What Does the TriBIG Market Recommendation Engine Calculate?
TriBIG's personalized market recommendation algorithm is an engine that cross-analyzes company characteristics — product mix, export history, price positioning, and certification level — against each country's import demand, growth rate, competitive intensity, and trade barriers, all on a single screen. The core mechanism converts both the company and each market into vectors, then uses cosine similarity to compare the directional alignment of those two vectors, surfacing "markets that match our company's profile" at the top of the ranking.
Traditional market research typically starts with the largest import volumes, but TriBIG focuses on surfacing markets with the highest realistic entry potential rather than simply the biggest markets. This means that even for products where competition in advanced markets is already saturated, it can separately elevate emerging markets that score high on growth rate and Korea product suitability. This is precisely why markets like Bangladesh — where industrialization is accelerating but systematic Korean company penetration remains insufficient — frequently appear at the top of this algorithm's output.

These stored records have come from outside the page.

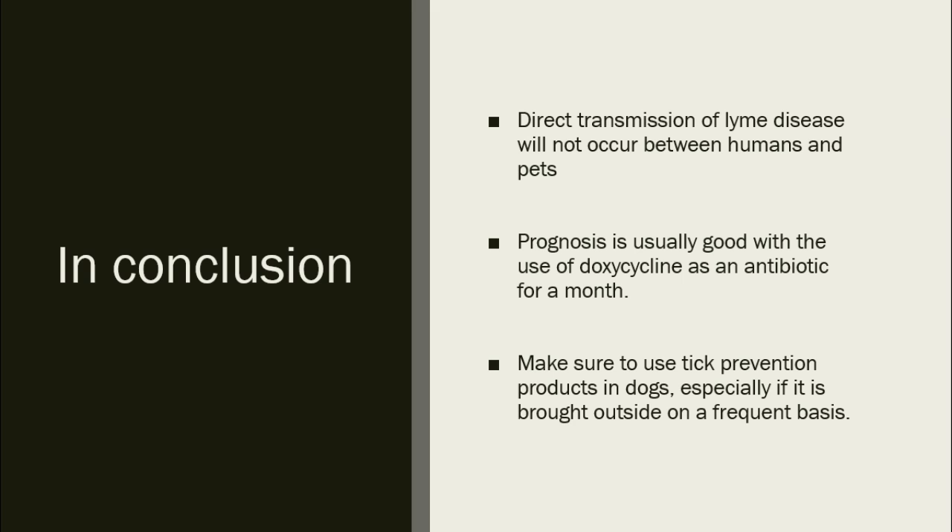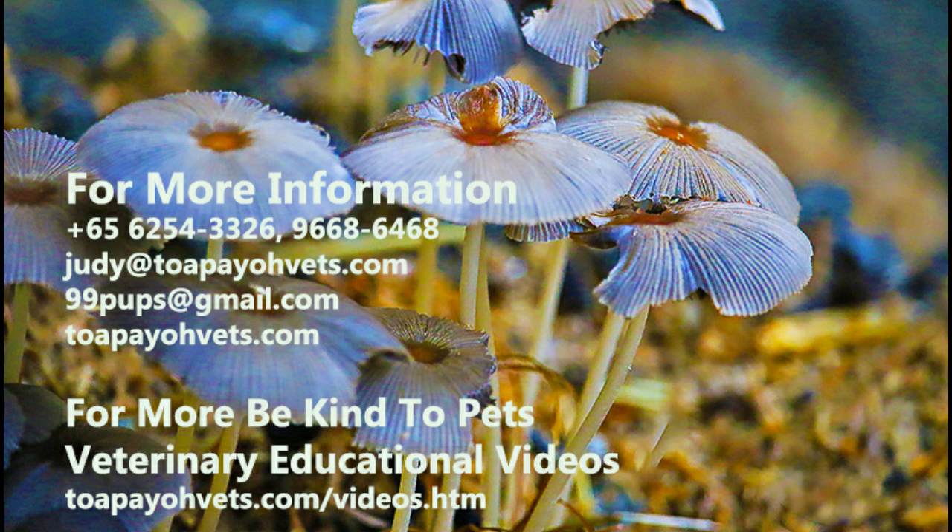In conclusion, direct transmission of Lyme disease will not occur between humans and their pets. Prognosis is usually good with the use of doxycycline as an antibiotic for a month as treatment. Finally, make sure to use tick prevention products in dogs, especially if they are brought outside on a frequent basis. For more information, kindly call into our clinic at Tapio Vets or visit our website at tapiovets.com.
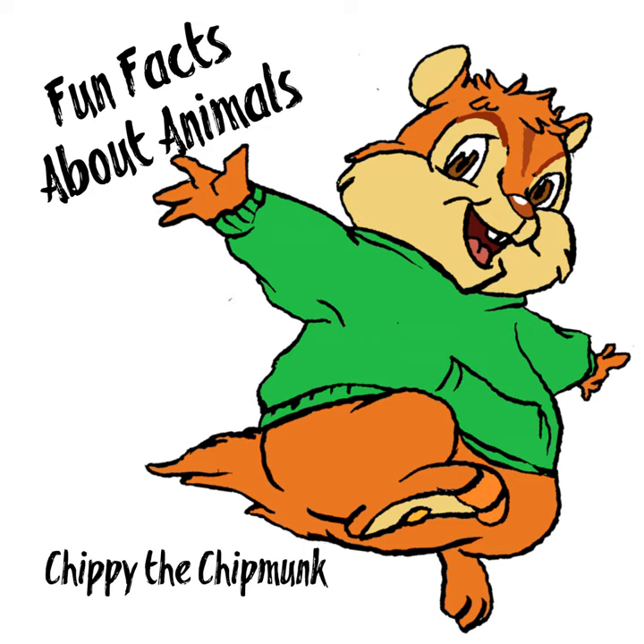Flamingos are pink or orange in color, but that's not their normal color. They get their color from the food that they eat. The shellfish and algae they eat contain carotenoids, and the carotenoids make their feathers pink or orange.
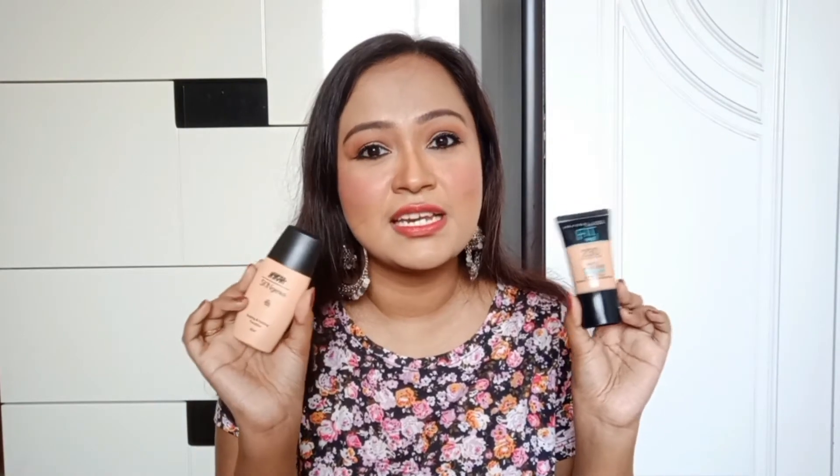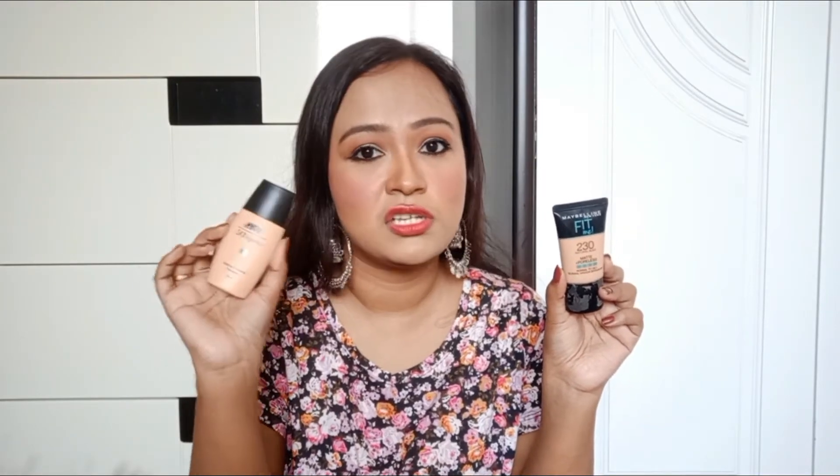Now let's talk about the ingredient list. Maybelline has mentioned the ingredients on their website, whereas Nykaa does not mention their ingredients on the website, which is something I don't like. So before buying the Nykaa product, you have no chance to see the ingredient list. For your benefit, I am going to attach a screenshot of both ingredients — Maybelline's from their website, and Nykaa's which they have mentioned on the outer packaging.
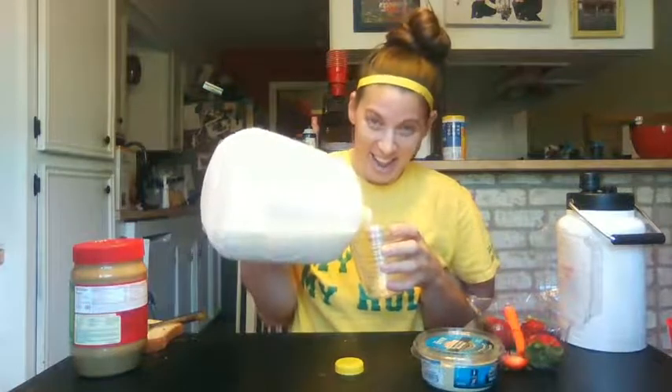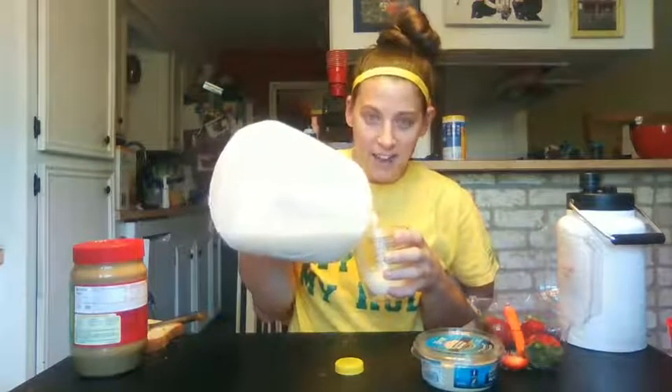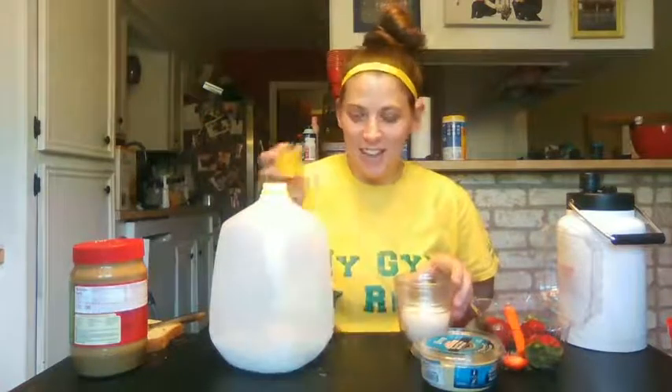With your dairy, you need to make sure that you are getting about three servings of dairy a day. With your dairy, you can also have yogurt or cheese.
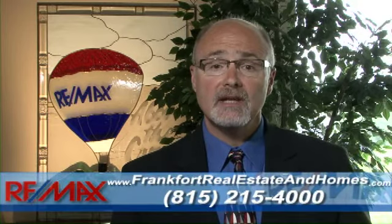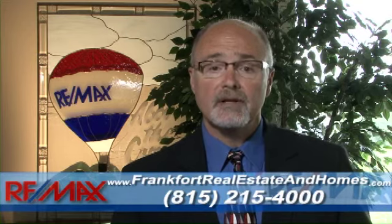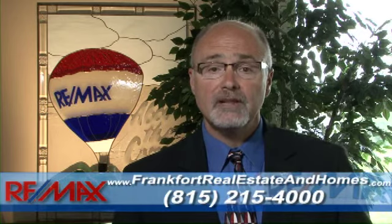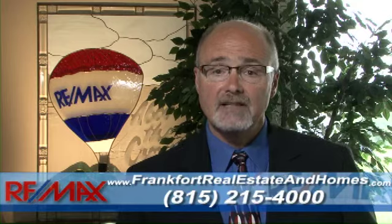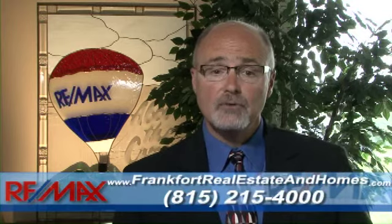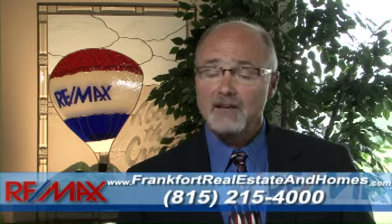What I would like you to do is go to our website and see how you can get access to a free market evaluation, along with monthly property updates for your neighborhood. In addition, we will send you 25 free videos answering the most frequently asked questions. These videos will give you insider tips and advice on buying and selling property. If you have any specific questions, please give us a call now at 815-215-4000. We would love to speak with you today. Take care and God bless.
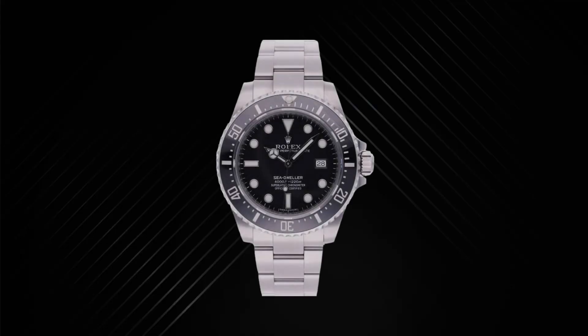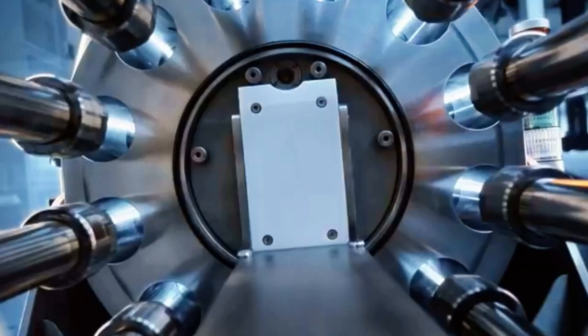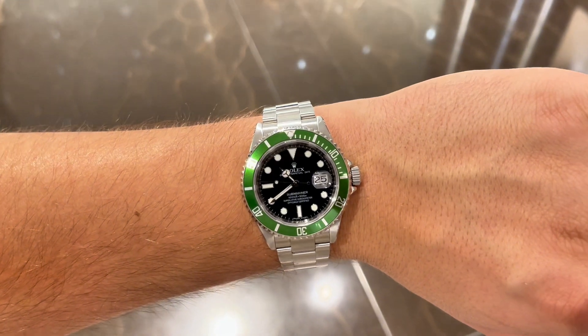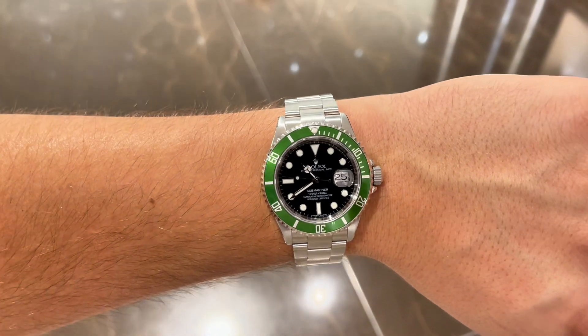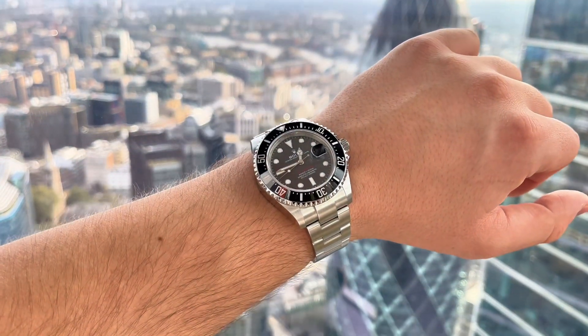Rolex completely ceased production of the Sea-Dweller in 2008, though they continued to produce diving watches dedicated to professionals. The Sea-Dweller was reintroduced in 2014 with reference 116660, which had a very short production run. Rolex gained a solid reputation as a leading manufacturer of superior dive watches — their most popular dive watch, the Submariner, received a green bezel for its 50th anniversary in 2003. So what did Rolex do to celebrate the Sea-Dweller's 50th? The answer is the 126600, introduced at Baselworld in 2017.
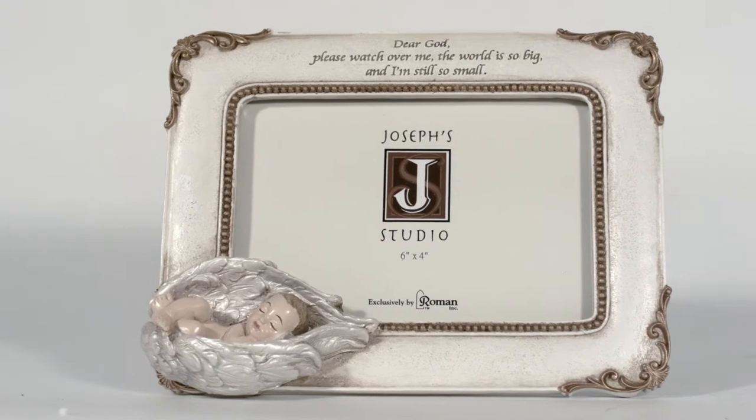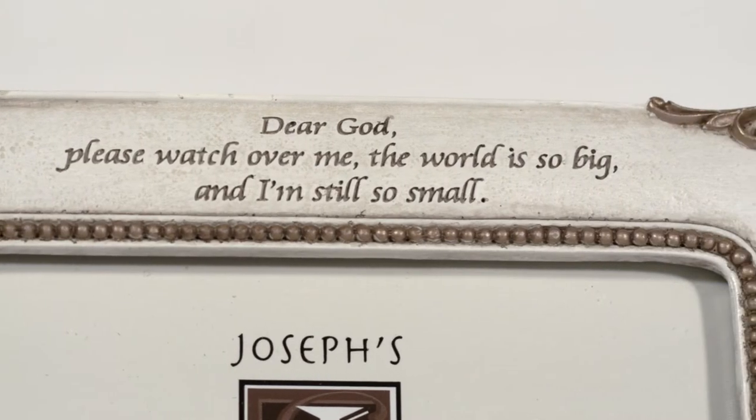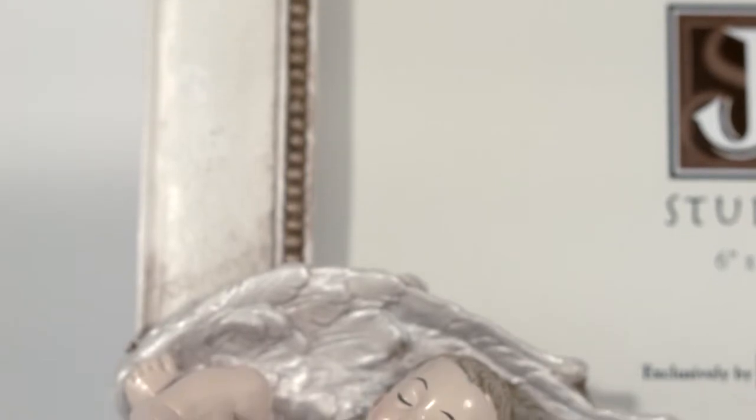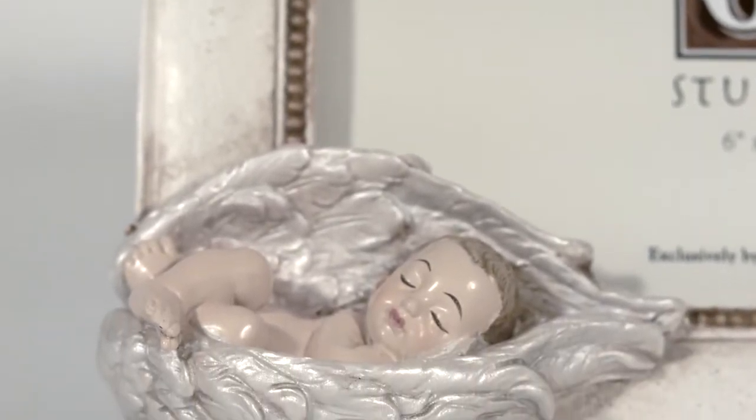This beautifully detailed cream picture frame with gold accents has a special prayer along the top. The frame is also adorned with the iconic sleeping baby in angel wings in the lower left corner.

Data Pipeline: Collection, Normalization, and Vectorization
The strength of this algorithm lies in its data architecture rather than its AI branding. Korea Customs Service export/import records, UN Comtrade, WTO tariff data, KOTRA buyer databases, and supplementary logistics and payment data are first aligned into a single reference framework, then normalized so that HS codes, market sizes, growth rates, and barrier factors can be compared within the same coordinate system. When this preprocessing stage is unstable, recommendation quality degrades sharply — which is why maintaining data integrity in practice matters more than the cosine calculation itself.
Matching Logic: Which Variables Actually Shift the Final Ranking?
Actual recommendation results are not determined by a single score. TriBIG calculates company-market fit by simultaneously evaluating four axes: market attractiveness, competitive environment, barrier level, and logistics executability. Cosine similarity serves as the core scoring engine, but the final ranking is re-ordered through correction factors that also reflect real-world execution feasibility. This is why the country with the largest import volume does not automatically rank first.
| Evaluation Axis | Representative Variables | Practical Interpretation | Directional Weight |
|---|---|---|---|
| Market Attractiveness | Import volume, growth rate, demand expansion speed | Whether sufficient revenue volume is achievable | Higher is favorable |
| Competitive Environment | Korea market share, competitor concentration, price pressure | Whether survival after entry is realistic | More saturated = less favorable |
| Barrier Level | Tariffs, certifications, regulations, payment risk | Estimate upfront entry cost and lead time | Lower is favorable |
| Executability | Logistics, partner availability, trade office support linkage | Probability of converting recommendation to actual sales | Higher is favorable |
Why This Algorithm Is Useful for Bangladesh
Bangladesh is smaller than major advanced markets in absolute purchasing power, but accelerating manufacturing investment, large population, middle-class growth, and import substitution demand are all operating simultaneously — making it a textbook high-growth emerging market. Markets of this type can get pushed down the list when evaluated on raw import totals alone, but in an algorithm like TriBIG's that weighs growth potential, competitive intensity, and field executability together, they tend to score well. Especially in garment value chains, industrial machinery, medical devices, and IT hardware — areas where Korean companies can hold technology and quality advantages — Bangladesh consistently surfaces as a high-priority candidate.
| Product Category | Sample Cosine Score | Recommendation Rationale | Next Action |
|---|---|---|---|
| Medical Devices | 0.87 | Growing hospital equipment demand and rising Korean product credibility | Validate distributors and track tender opportunities |
| Cosmetics | 0.83 | Middle-class expansion and Hallyu-driven consumer demand growth | Price point testing and online channel validation |
| Auto Parts | 0.81 | Increasing imported parts demand as assembly industry grows | Identify OEM touchpoints and initiate sample supply |
| Electronics and IT Components | 0.79 | Digital transformation and manufacturing automation demand expanding | Technical meetings and local partner sourcing |
| Plastics and Packaging | 0.76 | Recurring demand from expanding processing and packaging sector | Check price competitiveness and run buyer consultations |
How Companies Should Use This Algorithm
Companies that use TriBIG recommendations effectively do not stop at "running a market query" — they connect directly to an actionable pipeline. The key is rapidly cycling through four steps: HS code definition, comparison of top candidate countries, trade office verification, and transition to samples and consultations. Systematizing this process transforms market diversification projects from reports into real sales opportunities.